Exercise requirements:
Whenever a picture appears in the data, skip it and write out all other material exactly.

Source data:
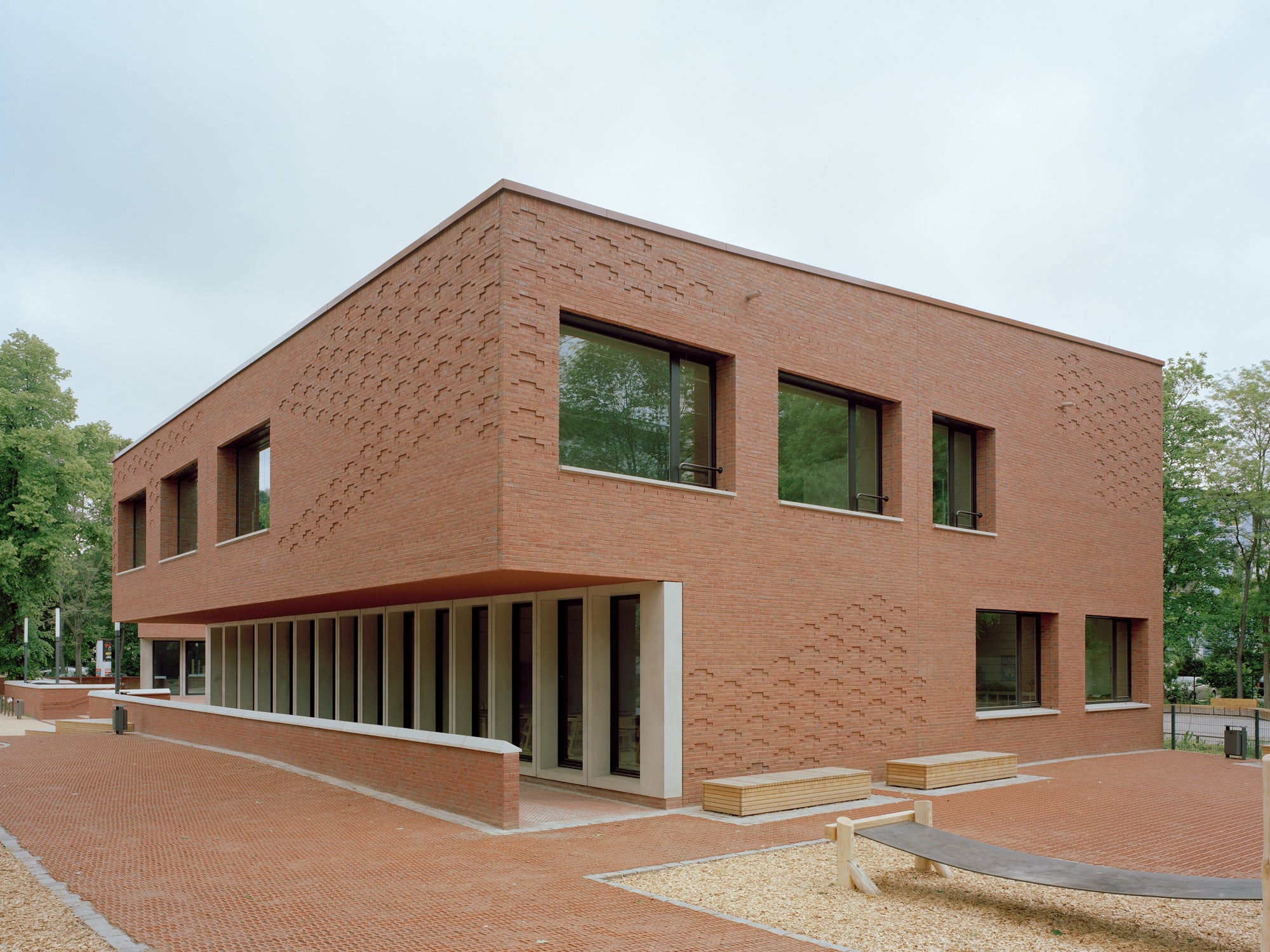 Südostecke mit auskragendem Obergeschoss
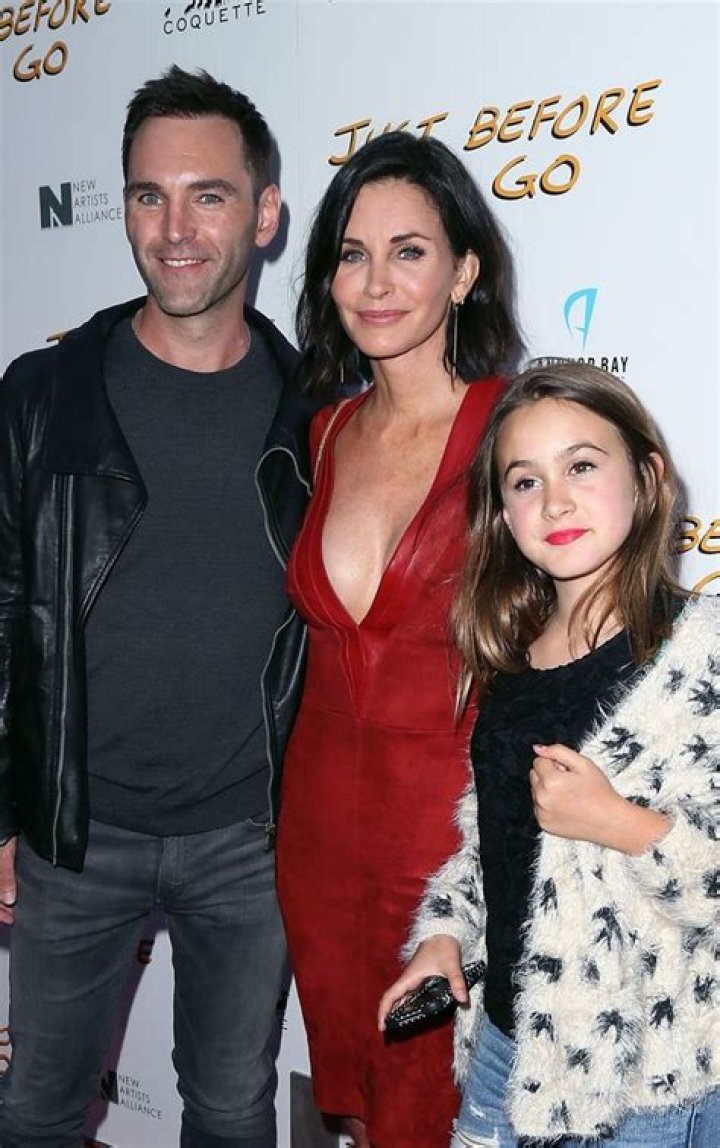 Courteney Cox’s Daughter Coco, 18, Looks So Grown Up As They Hold Hands At ‘Scream 6’ Premiere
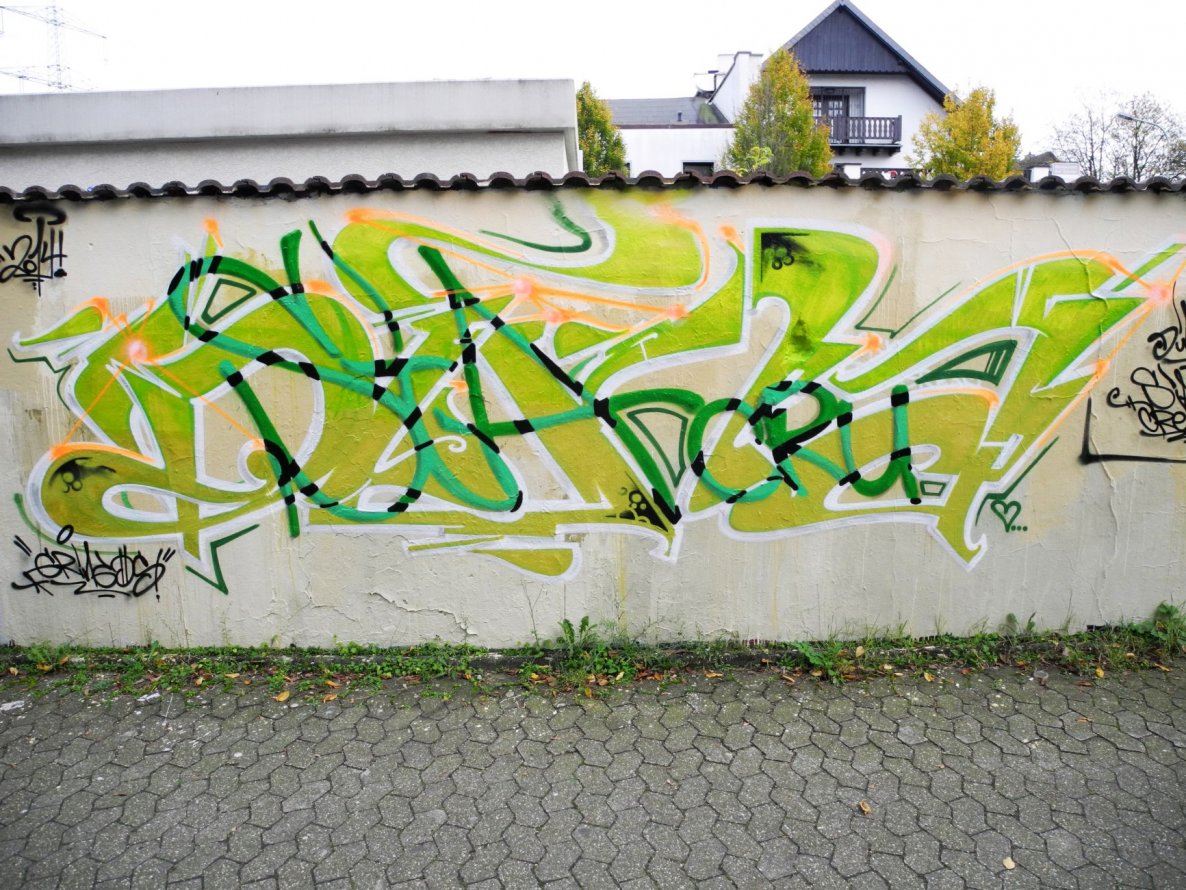 Graffiti Wall - Photo by DinarUno - Dinar, Dina, DinarUno (2014)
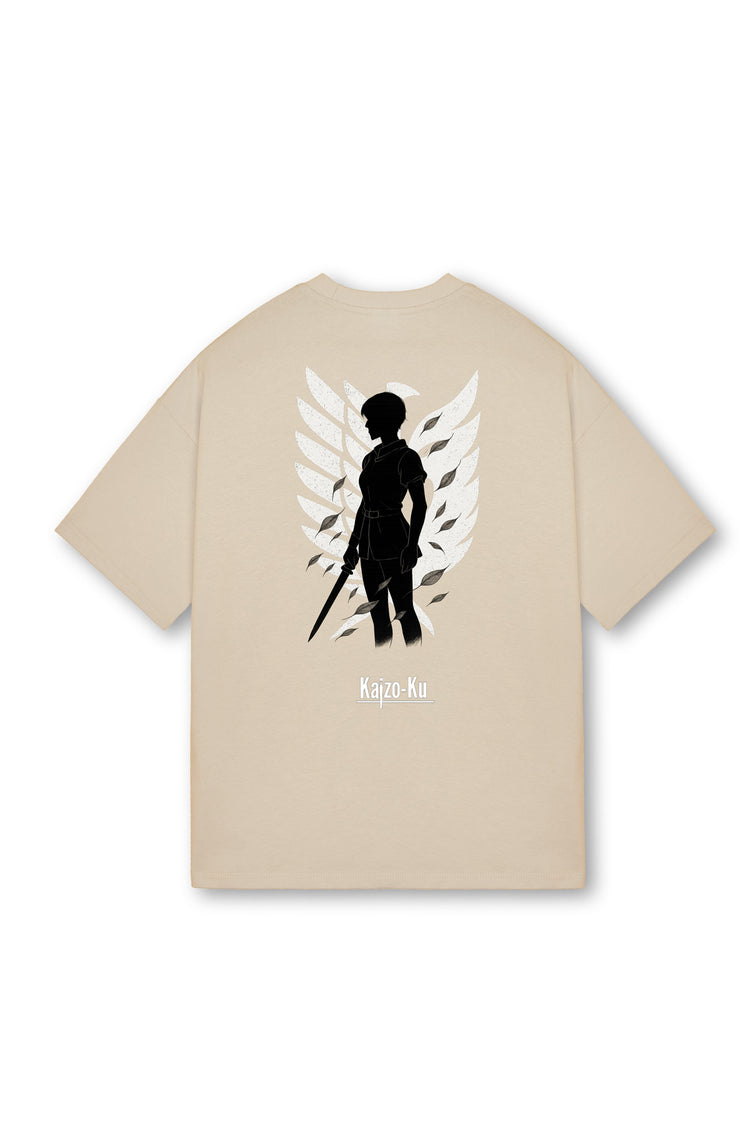 T-shirt oversize beige avec silhouette noire féminine armée et ailes de feuilles blanches. Design original Kaizo-Ku inspiré de Casca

Solved problem:
 Südostecke mit auskragendem Obergeschoss
 Courteney Cox’s Daughter Coco, 18, Looks So Grown Up As They Hold Hands At ‘Scream 6’ Premiere
 Graffiti Wall - Photo by DinarUno - Dinar, Dina, DinarUno (2014)
 T-shirt oversize beige avec silhouette noire féminine armée et ailes de feuilles blanches. Design original Kaizo-Ku inspiré de Casca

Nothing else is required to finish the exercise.